Мне кажется, что революция вполне определенно доказала ошибочность убеждения в глубокой религиозности крестьянства в России. Я не считаю значительными факты устройства в сельских церквах театров и клубов, хотя это делалось — иногда — не потому, что не было помещения, более удобного для театра, а — с явной целью демонстрировать свободомыслие. Наблюдалось и более грубое кощунственное отношение ко храму, — его можно объяснить враждой к «попам», желанием оскорбить священника, а порою дерзким и наивным любопытством юности: что со мною будет, если я оскорблю вот это, всеми чтимое?

Несравненно значительнее такие факты: разрушение глубоко чтимых народом монастырей — древней Киево-Печерской лавры и сыгравшего огромную историческую и религиозную роль Троице-Сергиевского монастыря — не вызвало в крестьянстве ни протестов, ни волнения, — чего уверенно ждали некоторые политики. Как будто эти центры религиозной жизни вдруг утратили свою магическую силу, привлекавшую верующих со всех концов обширной русской земли. А ведь сотни тысяч пудов хлеба, спрятанного от голодной Москвы и Петербурга, деревня защищала с оружием в руках, не щадя своей жизни.

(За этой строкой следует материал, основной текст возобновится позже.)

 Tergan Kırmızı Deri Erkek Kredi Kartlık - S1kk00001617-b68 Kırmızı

Когда провинциальные советы вскрывали «нетленные», высоко чтимые народом мощи, — народ отнесся и к этим актам совершенно равнодушно, с молчаливым, тупым любопытством. Вскрытие мощей производилось крайне бестактно и часто в очень грубых формах — с активным участием инородцев, иноверцев, с грубым издевательством над чувствами верующих в святость и чудотворную силу мощей. Но — и это не возбудило протестов со стороны людей, которые еще вчера преклонялись перед гробницами «чудотворцев». Я опросил не один десяток очевидцев и участников разоблачения церковного обмана: что чувствовали они, когда перед глазами вместо нетленного и благоухающего тела являлась грубо сделанная кукла или открывались полуистлевшие кости? Одни говорили, что совершилось чудо: святые тела, зная о поругании, затеянном неверами, покинули гробницы свои и скрылись. Другие утверждали, что обман был устроен монахами лишь тогда, когда им стало известно о намерении властей уничтожить мощи: «Они вынули настоящие нетленные мощи и заменили их чучелами».

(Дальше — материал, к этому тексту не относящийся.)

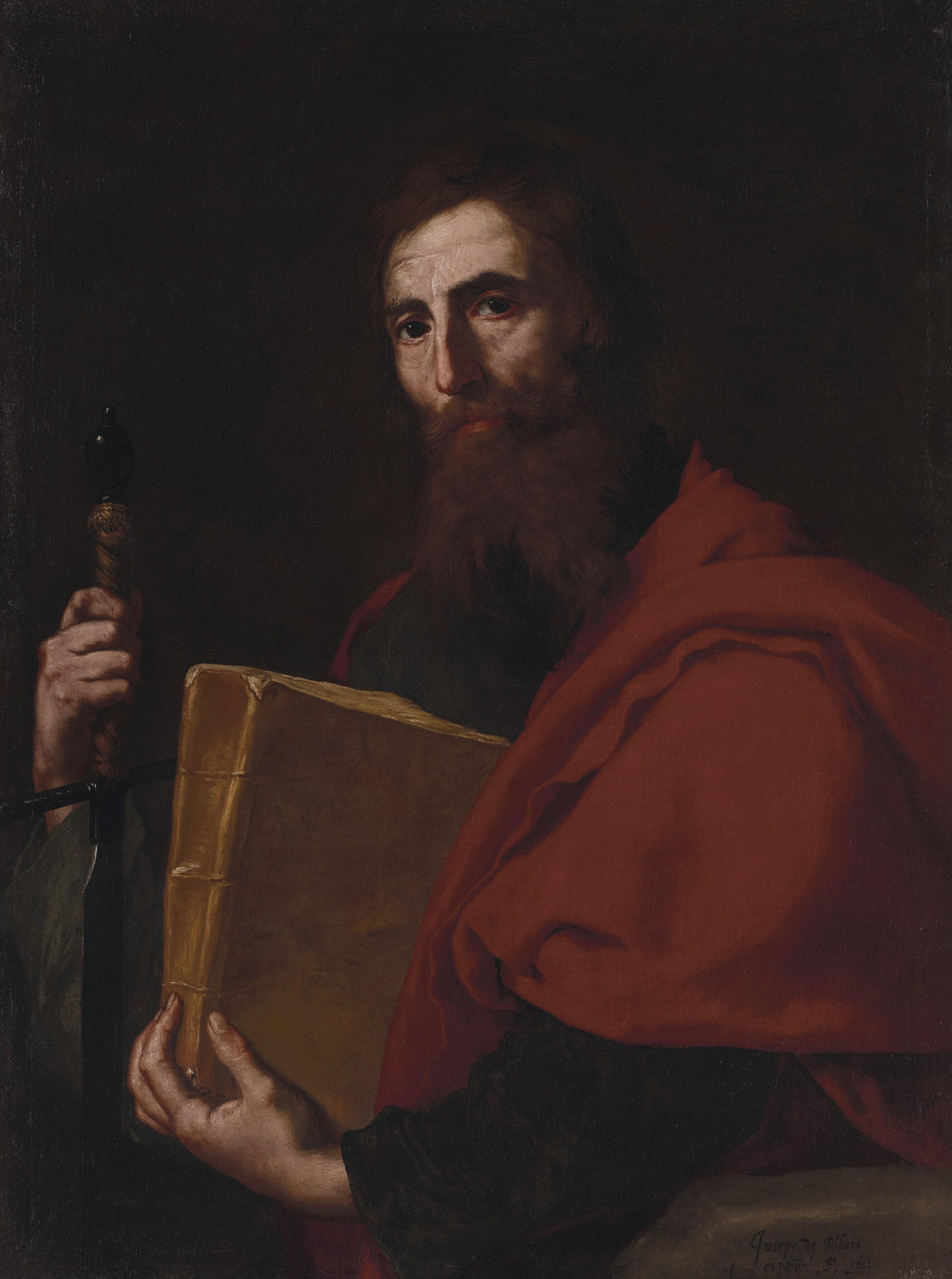 Jusepe De Ribera, Called Lo Spagnoletto - Saint Paul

Так говорят почти одни только представители старой, безграмотной деревни. Более молодые и грамотные крестьяне признают, конечно, что обман был, и говорят:

— Это хорошо сделано, — одним обманом меньше.

Но затем у них являются такие мысли, — я воспроизвожу их буквально, как они записаны мною.

— Теперь, когда монастырские фокусы открыты, — докторов надо пощупать и разных ученых — их дела открыть народу.

Нужно было долго убеждать моего собеседника, чтобы он объяснил смысл своих слов. Несколько смущаясь, он сказал:

— Конечно, вы не верите в это... А говорят, что теперь можно отравить ветер ядом и — конец всему живущему, и человеку, и скоту. Теперь — все озлобились, жалости ни в ком нет...

Другой крестьянин, член уездного совета, называющий себя коммунистом, еще более углубил эту тревожную мысль.

— Нам никаких чудес не надо. Мы желаем жить при ясном свете, без опасений, без страха. А чудес затеяно — много. Решили провести электрический свет по деревням, говорят: пожаров меньше будет. Это — хорошо, дай Бог! Только как бы ошибок не делали, поверните какой-нибудь винтик не в ту сторону и — вся деревня вспыхнула огнем. Видите, чего опасно? К этому скажу: городской народ — хитер, а деревня дура, обмануть ее легко. А тут — затеяно большое дело. Солдаты сказывали, что на войне и электрическим светом целые полки убивали.

Я постарался рассеять страх Калибана — и услышал от него разумные слова:

— Один все знает, а другой — ничего; в этом и начало всякого горя. Как я могу врать, ежели ничего не знаю?

Жалобы деревни на свою темноту раздаются все чаще, звучат все более тревожно. Сибиряк, энергичный парень, организатор партизанского отряда в тылу Колчака, угрюмо говорит:

— Не готов наш народ для событий. Шатается туда и сюда, слеп разумом. Разбили мы отряд колчаковцев, три пулемета отняли, пушечку, обозишко небольшой, людей перебили с полсотни у них, сами потеряли семьдесят одного, сидим, отдыхаем, вдруг ребята мои спрашивают меня: а что, не у Колчака ли правда-то? Не против ли себя идем?* Да и сам я иной день как баран живу — ничего не понимаю. Распря везде! Мне доктор один в Томске — хороший человек — говорил про вас, что вы еще с девятьсот пятого года японцам служите за большие деньги. А один пленный, колчаковский солдат из матросов, раненый, доказывал нам, что Ленин немцам на руку играет. Документы у него были, и доказано в них, что имел Ленин переписку о деньгах с немецкими генералами. Я велел солдата расстрелять, чтобы он народ не смущал, — а все-таки долго на душе неспокойно было. Ничего толком не знаешь — кому верить? Все против всех. И себе верить боязно.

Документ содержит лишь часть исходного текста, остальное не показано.